Family Mediators have seen a growing number of people who made the decision to separate but are still wrestling with their unexpected financial reality. They have job instability, rising costs of living and the requirement for greater child supervision.
Part of a mediator’s role in the separation process is to help people become aware of what life looks like after divorce. Financial awareness of your new ex-family lifestyle, but now supporting two homes instead of one, needs to be budgeted for.
Most couples fantasize they’ll be better off without their partner who makes them unhappy. They may want the same house, same car, and same lifestyle — just without the partner they no longer want to live with. This isn’t realistic.
Divorce can be a long process of ongoing litigation and associated costs, not to mention the emotional wear and tear on every member of the family. The cost of life after divorce is really based on the costs associated with parenting and the increasing children’s expenses.
If parents equally share the responsibility for their children, they can often find ways to share tax deductions. If kids live with one parent most of the time, the financially supporting co-parent doesn’t get the tax deduction like in previous years.
It’s the children who frequently suffer from separation. The money spent on them is reduced to make separation work.
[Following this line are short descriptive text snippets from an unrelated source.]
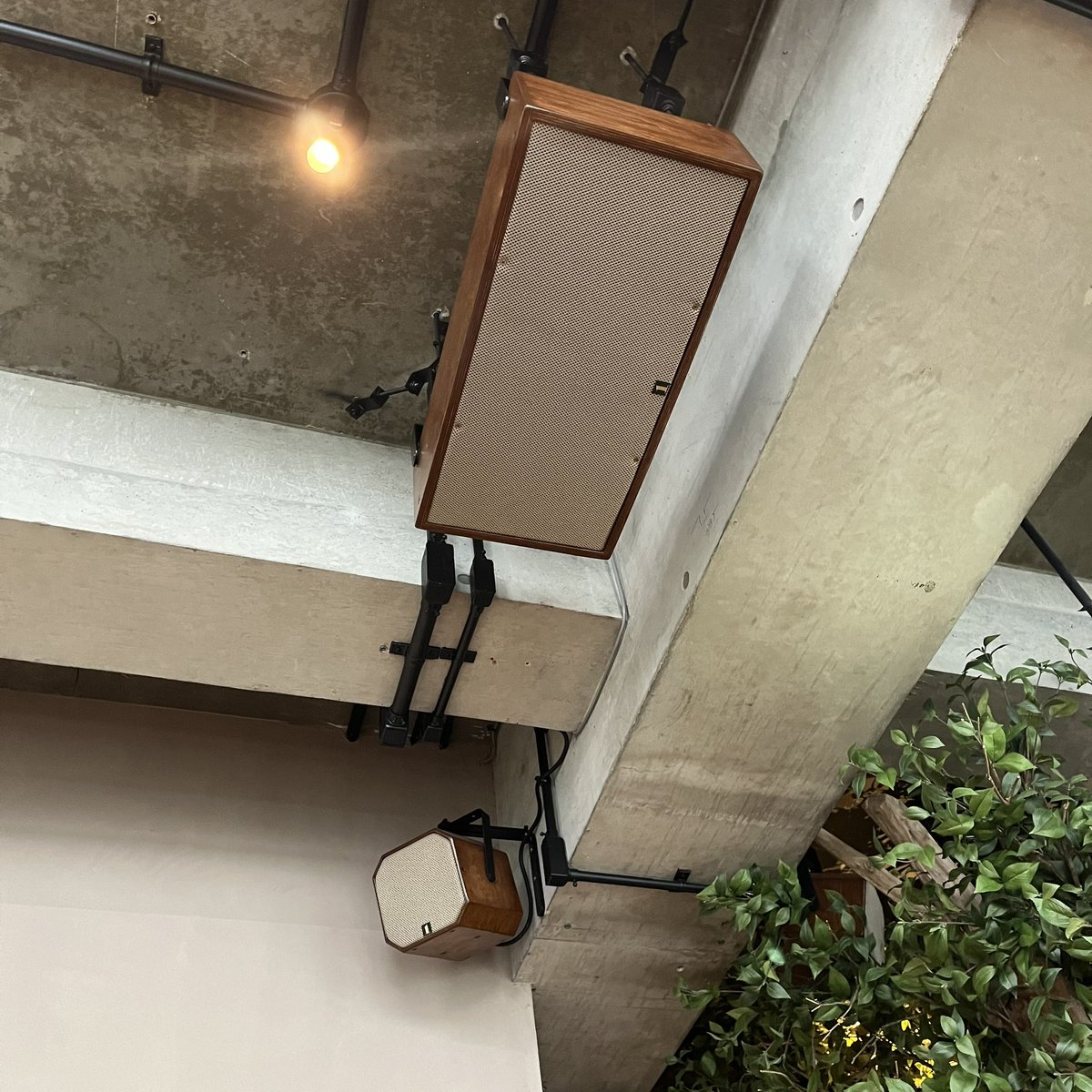 eastaudioのtocci tweet media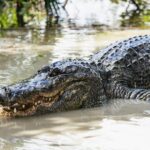 Orlando: Gatorland Skip-the-Line Ticket - A Detailed Look at Gatorland in Orlando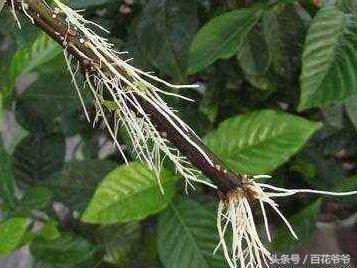 梔子花這樣插準活,1盆變10盆,以後再也不用花錢買了!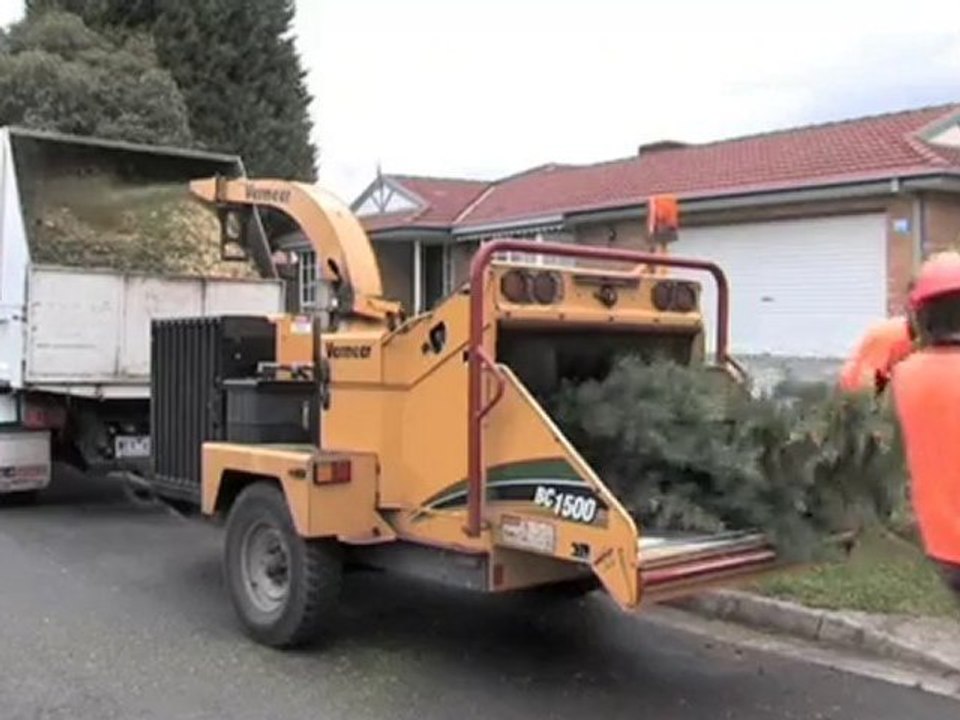Tree Felling Mulgrave Just Mulching VIC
The costs once shared for the kids’ activities go to cover the cost of two different residences.
Where children live affects the amount of money people have left to look after themselves:
- If children are residing primarily with one parent, the other parent pays child support. That means by the time they’ve paid their taxes and support payments, there isn’t a lot of money left over for typical day-to-day expenses.
- The parent who looks after the child(ren) as the primary caregiver frequently can’t work full-time due to the responsibilities, they now have such as pickups, drop offs and managing the household from groceries to doctor’s appointments. If living arrangements are shared, both parents may be impacted equally regarding work and parenting responsibilities.
- Couples considering separation should create very detailed weekly, monthly and yearly financial budgets to understand their current and future expenses, including where they can cut back their spending:
-
- What current expenses are possible if the expenses are shared?
- Is the chosen lifestyle driven by the income of only one partner?
- Does either parent have an inconsistent work history or a career that makes expense planning impossible?
If a couple looks at their budget and realizes that separating is in fact a financial impossibility, they have a few choices:
- Find ways to cut expenses.
- Go for counseling and learn how to create a positive way to work together.
- Co-exist amicably under one roof as a separated couple. Re-visit having separate homes when the kids are older or there’s more money.
Having the same income to support two homes, instead of one, is one of the most common themes of divorce. Remember, budget for added costs for the divorce process itself.
A healthy divorce is one where both parties move forward in a mature way without hurting each other. They let go of the marriage and the emotions connected to the separation. The better they are emotionally, the more effective they can make financial plans.
When there’s financial struggle, a happy, healthy post-divorce life is drastically reduced and may result in trading one state of unhappiness for another. Starting to examine financial budgets early in the separation process will help determine an easier path and a realistic financial future.